BACKGROUND OF THE INVENTION

LED lamp applications, including those comprising high-powered LEDs, are being developed at an increasing rate. LEDs, unlike more conventional light sources such as tungsten, halogen or HID light sources, emit essentially no infrared radiation and are, therefore, “cold” on their optical output side. Nevertheless, LEDs do generate heat at their electrical junction, the so-called “back side,” of the LED proper. This is particularly significant as the drive current increases in order to achieve greater LED optical output. Control of this thermal output, referred to as “junction temperature,” is critical so as to ensure proper operating performance of the LED and avoid either premature degradation or failure.
With the “back side” of the LEDs being housed within the lamp housing, which housing is conventionally made primarily of plastic, the heat generated is “trapped” within the housing. This thermal output on the “back side” of LEDs must be removed in order to prevent overheating and, relatedly, premature failure of the LED lamp. Accordingly, LEDs do require cooling via the introduction of heat sinks.
Conventionally, it is the practice to place such heat sinks within the housing of the LED lamp, where the LEDs themselves are housed. For instance, the head and tail-lamps for the CADILLAC CTS brand automobile utilize a single, high-power LED and a die-cast heat sink that dissipates heat within the housing of the lamp. Given that there is, for these particular applications, a sufficient amount of interior volume in which to dissipate this energy, such heat sinks serve their purpose. However, either for smaller volumes or applications generating additional thermal input, adequate dissipation of heat internally is complicated, thereby forcing the adoption of more elaborate thermal management solutions, such as exposing the heat sink to the outside of the housing or utilizing “heat pipes” (liquid filled thermal conductors) or cooling fans to circulate air within the lamp housing.
Still another solution, disclosed in United States Patent Application Pub. No. US 2007/0127252 A1 to Fallahi et al., published Jun. 7, 2007, comprises an LED headlamp assembly for a motor vehicle having a plastic lens and a plastic lamp housing cooperating with the lens to define an inner chamber that is generally fluidly isolated from the atmosphere. A cast metal reflector is mounted to the lamp housing and has a polished reflective portion that reflects light forward through the lens.
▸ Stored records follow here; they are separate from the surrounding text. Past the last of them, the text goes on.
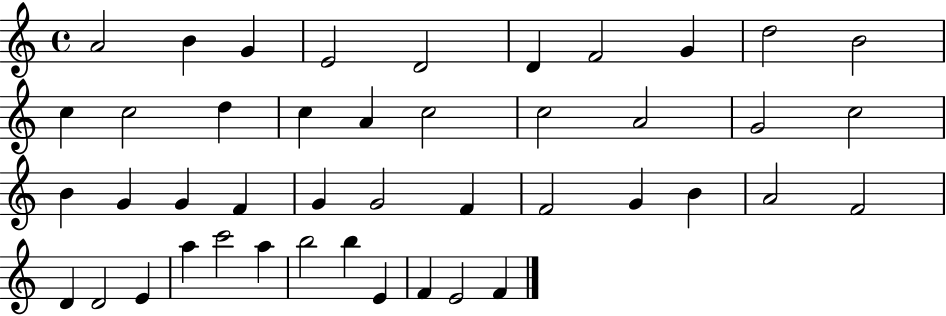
A4/h B4/q G4/q E4/h D4/h D4/q F4/h G4/q D5/h B4/h C5/q C5/h D5/q C5/q A4/q C5/h C5/h A4/h G4/h C5/h B4/q G4/q G4/q F4/q G4/q G4/h F4/q F4/h G4/q B4/q A4/h F4/h D4/q D4/h E4/q A5/q C6/h A5/q B5/h B5/q E4/q F4/q E4/h F4/q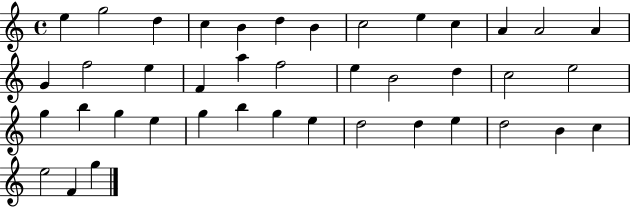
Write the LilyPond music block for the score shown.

{
  \clef treble
  \time 4/4
  \defaultTimeSignature
  \key c \major
  e''4 g''2 d''4 | c''4 b'4 d''4 b'4 | c''2 e''4 c''4 | a'4 a'2 a'4 | \break g'4 f''2 e''4 | f'4 a''4 f''2 | e''4 b'2 d''4 | c''2 e''2 | \break g''4 b''4 g''4 e''4 | g''4 b''4 g''4 e''4 | d''2 d''4 e''4 | d''2 b'4 c''4 | \break e''2 f'4 g''4 | \bar "|."
}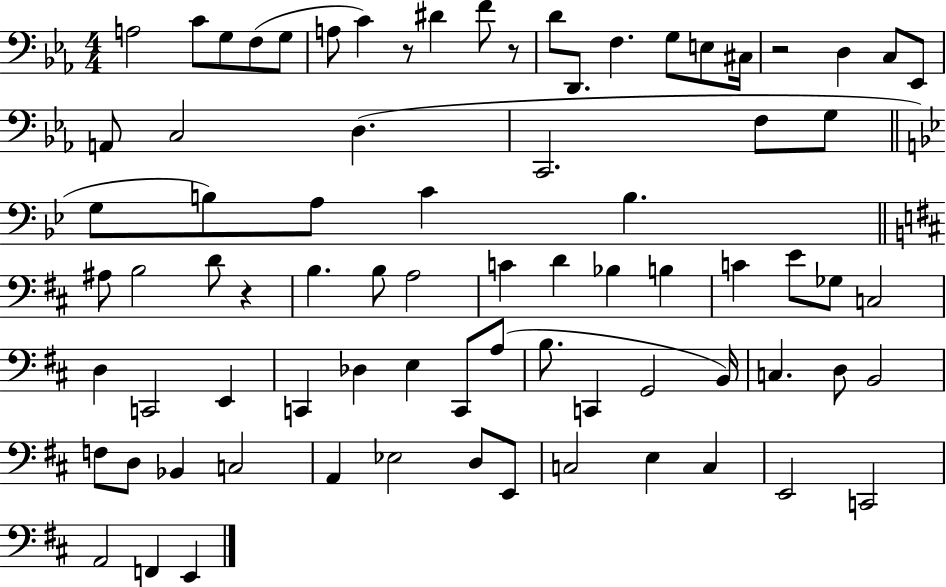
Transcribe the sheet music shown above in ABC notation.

X:1
T:Untitled
M:4/4
L:1/4
K:Eb
A,2 C/2 G,/2 F,/2 G,/2 A,/2 C z/2 ^D F/2 z/2 D/2 D,,/2 F, G,/2 E,/2 ^C,/4 z2 D, C,/2 _E,,/2 A,,/2 C,2 D, C,,2 F,/2 G,/2 G,/2 B,/2 A,/2 C B, ^A,/2 B,2 D/2 z B, B,/2 A,2 C D _B, B, C E/2 _G,/2 C,2 D, C,,2 E,, C,, _D, E, C,,/2 A,/2 B,/2 C,, G,,2 B,,/4 C, D,/2 B,,2 F,/2 D,/2 _B,, C,2 A,, _E,2 D,/2 E,,/2 C,2 E, C, E,,2 C,,2 A,,2 F,, E,,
A separate heat sink portion of the reflector includes fins that extend through the lamp housing and are exposed to the atmosphere outside the lamp housing, such that heat from the inner chamber is transmitted from the fins to the atmosphere.
The foregoing thermal management solutions notwithstanding, it is desirable to have a lamp assembly, for automotive as well as other applications, that is able to effectively dissipate heat energy generated by LEDs or other light sources.

SUMMARY

The specification discloses a lamp assembly comprising a lens, a lamp housing in the form of an integral metal part, the lamp housing cooperating with the lens to at least partially define a lamp chamber that is generally fluidly isolated from an ambient atmosphere outside the lamp chamber, and at least one lamp provided in the lamp chamber and carried by the lamp housing. The lamp housing itself defines a heat sink exposed to the ambient atmosphere outside the lamp chamber such that heat from the lamp is transmitted to the ambient atmosphere.
The heat sink defined by the lamp housing may further include radiating elements that are exposed to the ambient atmosphere outside the lamp chamber such that heat from the lamp is transmitted to the ambient atmosphere through the radiating elements. In one embodiment of the invention, these radiating elements comprise fins that are exposed to the ambient atmosphere outside the lamp chamber such that heat from the lamp is transmitted to the ambient atmosphere through the fins. In another embodiment, these radiating elements comprise pins that are exposed to the ambient atmosphere outside the lamp chamber such that heat from the lamp is transmitted to the ambient atmosphere through the pins.
In another embodiment, the heat sink defined by the lamp housing further includes one or more ducts configured to promote passive convective cooling. These one or more ducts may be formed integrally with the lamp housing or, alternatively, may be defined in a separate baffle that is secured to the lamp housing. Per one feature of the invention, each of the one or more ducts is formed using internal mold slides and lifters.
According to one feature of the invention, the at least one lamp includes a reflector portion positioned and configured to reflect light emitted by the at least one lamp forward through the lens. The reflector portion may include a polished surface.
Per another feature, the at least one lamp comprises an LED. The at least one. LED may, per a further feature, be of the type connected to a circuit board including current paths connected to leads of the at least one LED and connectable to a source of electrical power operative to power the LED. According to this feature, the circuit board is connected to the lamp housing.
Per a further feature, the lamp housing is formed as a single, unitary—or monolithic—metal piece.
The lamp housing may be formed, by way of non-limiting example, from one or more materials selected from the group of materials consisting of stainless steel, low alloy steel, tool steel, titanium, cobalt, copper, magnetic metal, hard-metal, refractory metal, ceramic, magnesium, aluminum, and magnesium/aluminum alloy.
The lamp housing may, according to another feature of the invention, be formed by the process of metal injection molding, including the sub-technique of thixoforming.
The lamp housing may, according to another feature of the invention, be combined with extension, or supplemental housings, which may optionally be made from dissimilar materials such as plastics and thermosets.
According to yet another feature, the lamp housing carries a plurality of lamps.
Per still another feature of the present invention, the lens is secured to the lamp housing by one or more bonding agents selected from the group consisting of butyl and silicone-based sealants. Alternatively, the lens may be secured to the lamp housing mechanically and sealed via the incorporation of a gasket or sealing device.
The specification also discloses a method for making a lamp assembly, the method including the steps of:

- making a lamp housing as an integral metal part;
- mounting at least one lamp in the lamp housing; and
- mounting a lens on the lamp housing such that the lens cooperates with the lamp housing to at least partially define a lamp chamber that encloses the lamp, the lamp chamber being generally fluidly isolated from an ambient atmosphere outside the lamp chamber.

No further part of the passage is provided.